Photo courtesy of Putikonhovi
How many of us can travel back 50+ years to childhood summers and still find grandma’s house? Perhaps a few still have theirs, but a whole estate more or less intact? Not likely.I can’t believe that the B & W photos in my family album with the buildings behind us grinning kids are still standing today. Now known as Putikonhovi, a tourist travel lodge, tucked away in a corner of unspoilt nature in the middle of nowhere in the south-eastern corner of Finland. Close to the most beautiful lake Pihlajavesi, just a mile downhill from the estate. This was my childhood summer paradise.
The porch in the photo fronted an apartment where the Kosonen family lived.They had 5 kids, and I had a crush on Jaakko, their wild brown-eyed second youngest son. Their place was flanked with two other families who must have had at least 5 more kids between them, and then on the other side is where grandma lived in a place that had a kitchen and one large room, known as tupa. Hers was no ordinary kitchen but one that had a wood burning old-fashioned floor to ceiling stone hearth where she baked bread, cakes and pulla on the hot coles. I remember the smell of sweetbread and cinnamon rolls – those mouth-watering memories of childhood all from her kitchen. How on earth did she know how to bake to perfection on hot cinders? Without timers or turn-on/off knobs?
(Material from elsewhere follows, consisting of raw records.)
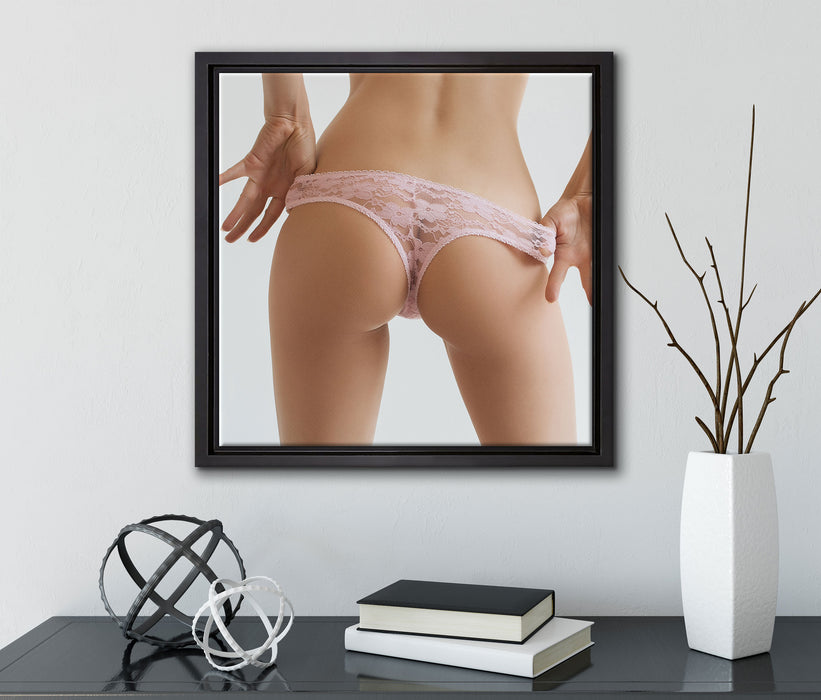 sexy Frauenpo in Unterwäsche  auf Leinwandbild Quadratisch gerahmt mit Kirschblüten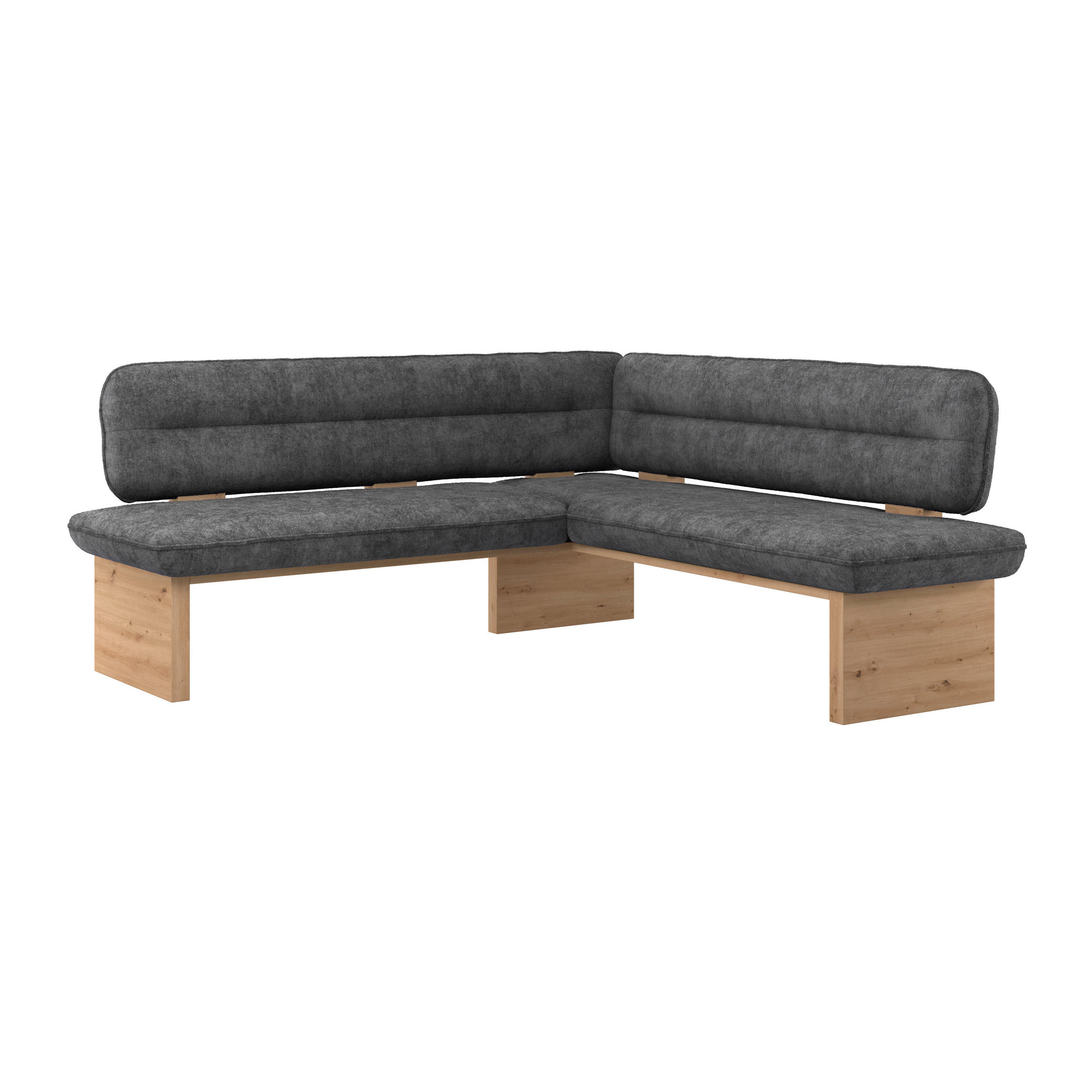ECKBANK 192/170 cm Webstoff Schwarz Eiche Sperrholz   - Eichefarben/Schwarz, KONVENTIONELL, Holz/Textil (192/170cm) - James Wood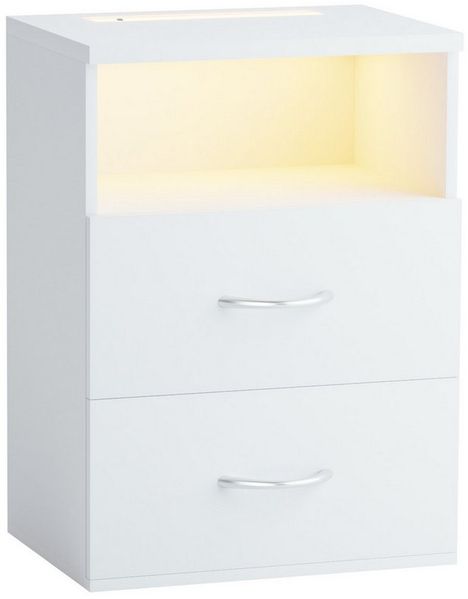 Casaria® Nachttisch Touch LED Beleuchtung 40 x 28 x 55 cm Dimmbar Holz 2 Schubladen Boxspringbett Schlafzimmer Wohnzimmer Beistelltisch Nachtschrank Weiß
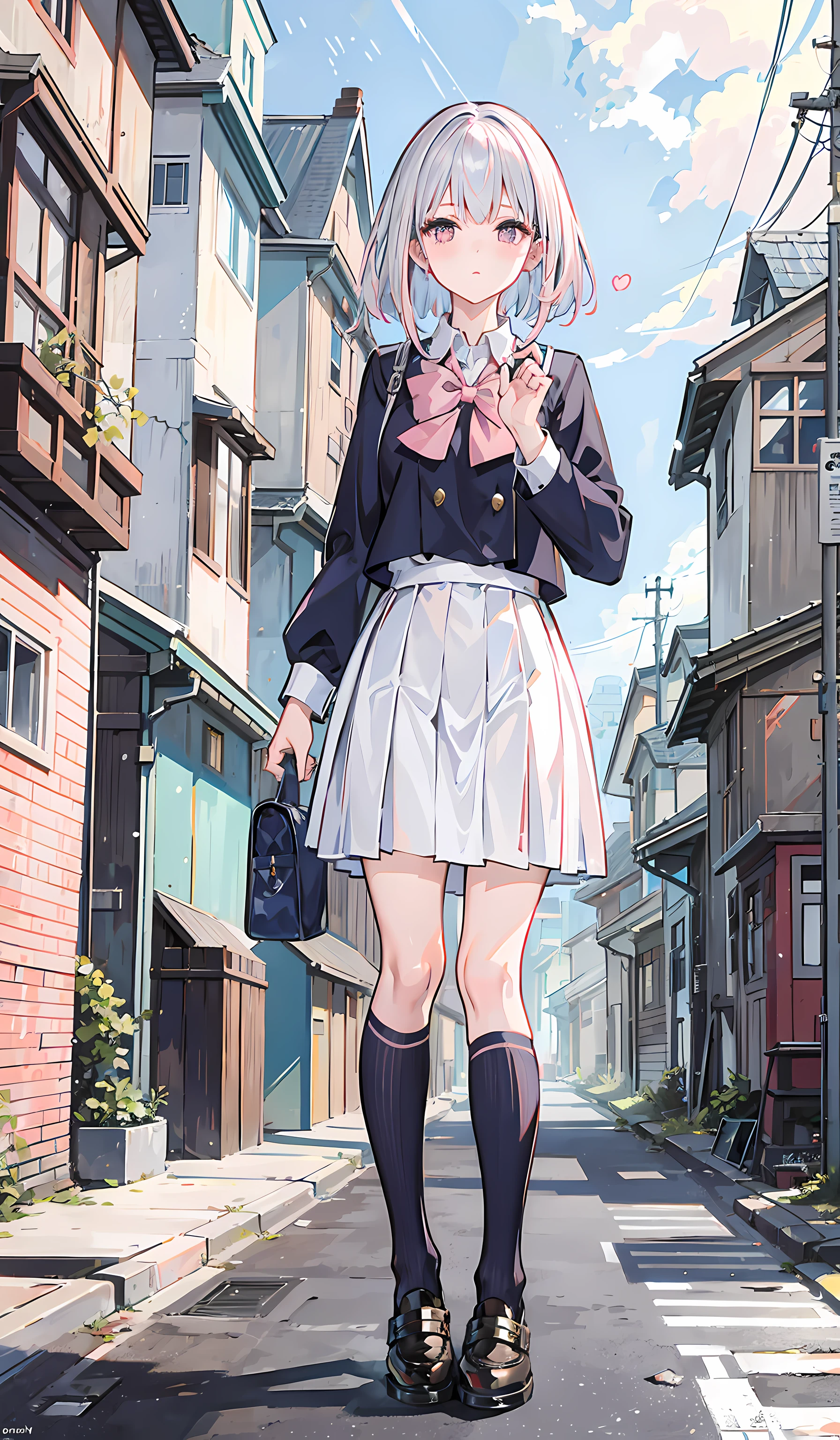 the city street,feater,The girl wears a school uniform,Stand in the city square,poss,Delicate facial features,Beautiful looks,Pink lips,Silvery hair,Contre-Jour,scribble art,outside,Dilapidated house,Cracked streets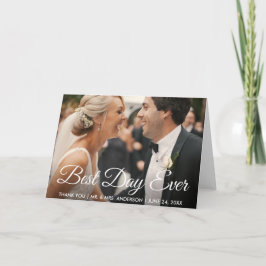 Bester Tag je Hochzeit Foto Danke, Falten Dankeskarte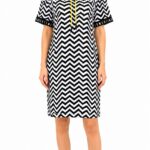 Neden Tekstil Kadın Siyah Beyaz Zigzag Desenli T-Shirt Elbise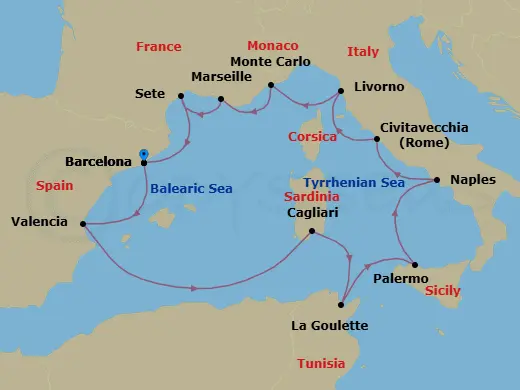 Itinerary schematic diagram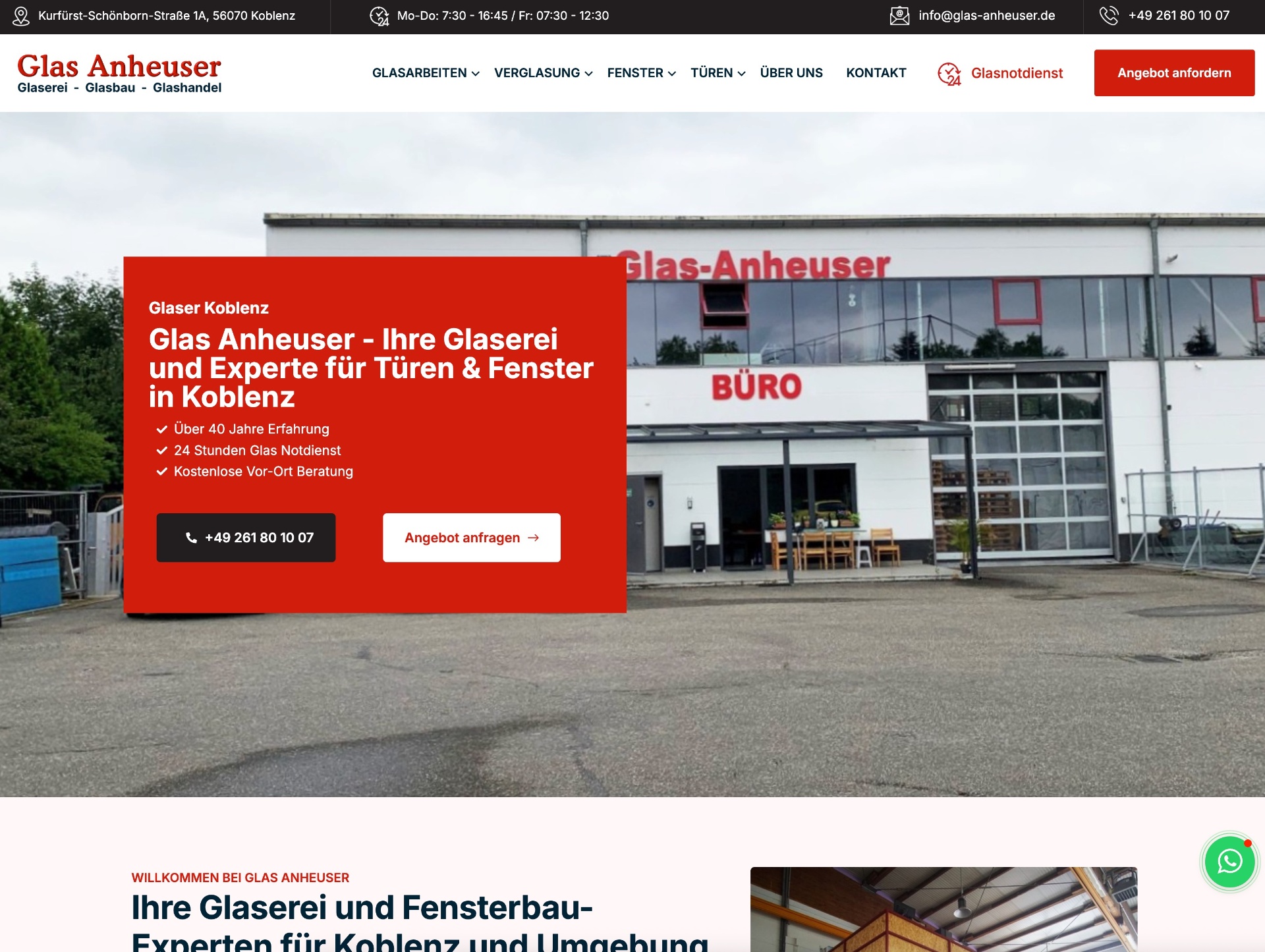 Website Glas Anheuser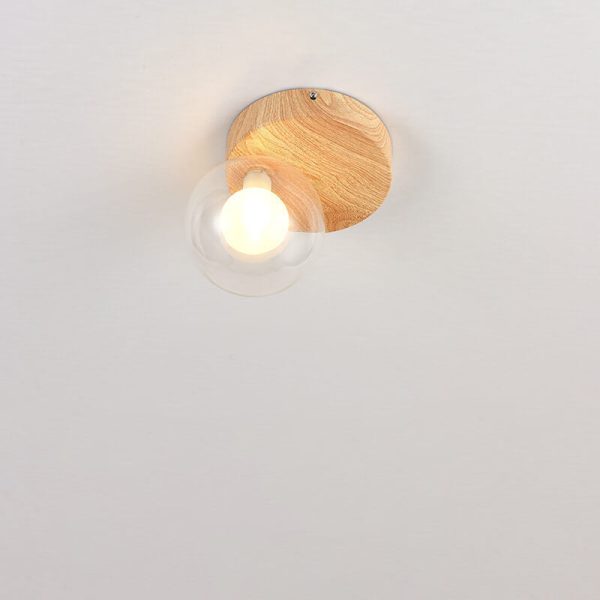 Japanese Minimalist Glass Iron Woodgrain 1-Light Semi-Flush Mount Ceiling Light - Image 8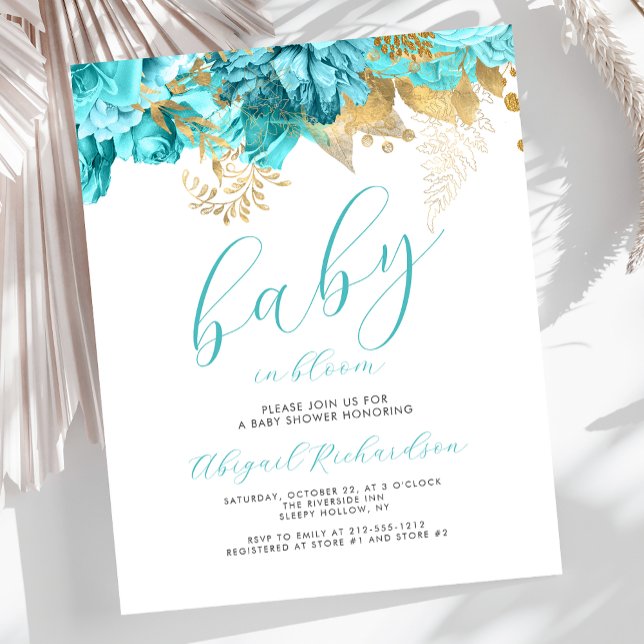 Papier Bébé budget en fleurs Baby shower floral turquoise (Créateur téléchargé)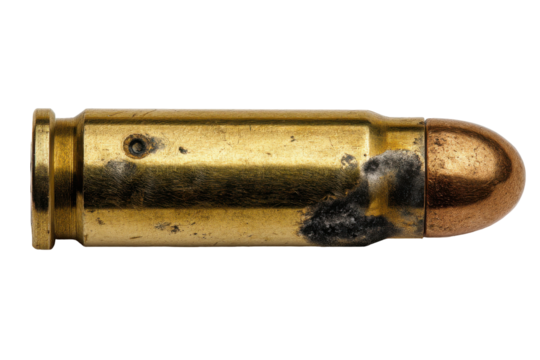 Used bullet cartridge isolated on transparent png background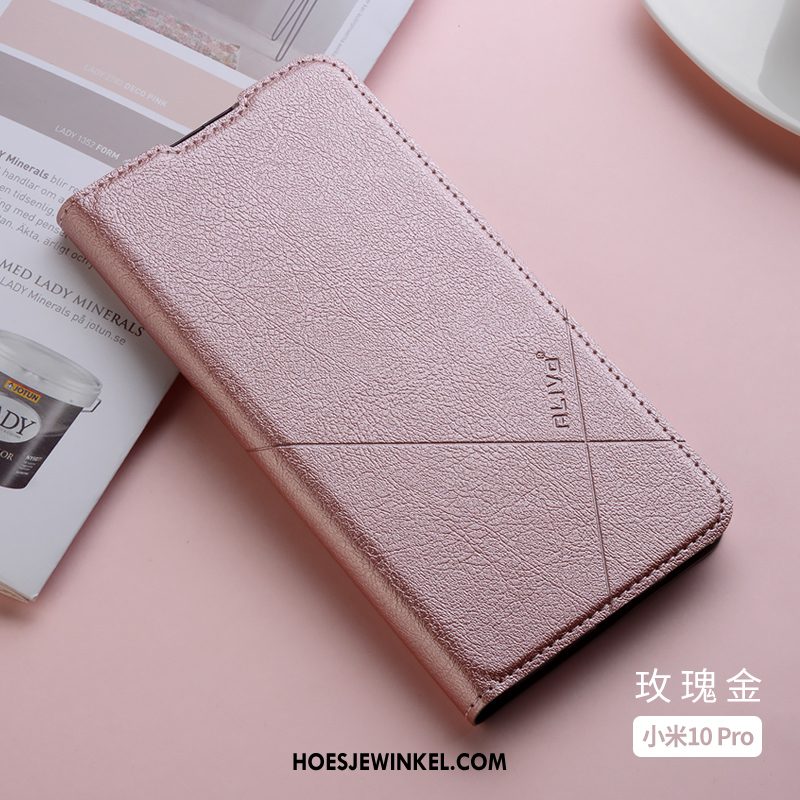 Xiaomi Mi 10 Pro Hoesje Dun Anti-fall Bescherming, Xiaomi Mi 10 Pro Hoesje Clamshell Leren Etui Beige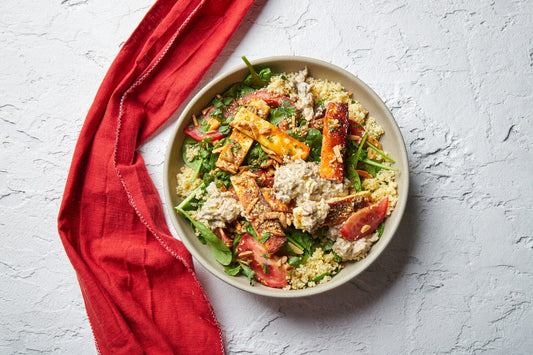 Saganaki Haloumi with Babaganoush, Couscous Salad & Toasted Almonds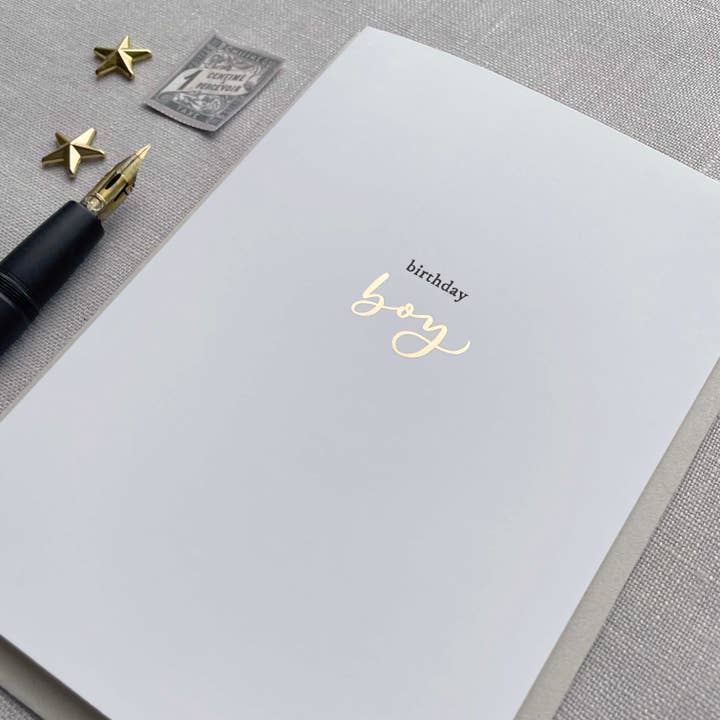 Birthday Boy for wholesale by Jen Roffe Lettering Studio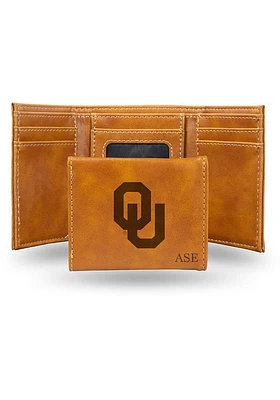Oklahoma Sooners Logo Personalized Laser Engraved Mens Trifold Wallet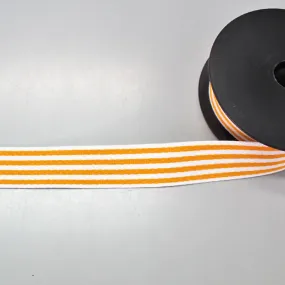 Yellow and White Stripe Bag Webbing - 38mm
What the travel lodge website won’t tell of course is the history we lived on this estate. In the late 1940’s, my grandma and her own father then at 80 moved to their rooms. She was the widow of the estate’s miller and was given her rented rooms to live in when granddad died prematurely, his lungs compromised by decades of exposure to wheat flour dust. Workers then wore no protection nor were paid any compensation for illnesses caused by dangerous working conditions. Granddad passed away at 57.
The Kosonen family rented their rooms because the parents both worked in the local sawmill owned by the Auvinen family.The one bourgeois clan that owned just about everything else in the village of Putikko those days – the general store, the community hall, and most of the rental houses. The owner of the estate Mr. Koskinen of course rubbed shoulders with the Auvinen dynasty; rental rooms and apartments were hard to come by in the post WWII Finland. His sprawling main building had plenty of space to spare. And the men returning from the war front needed jobs and a place to start families.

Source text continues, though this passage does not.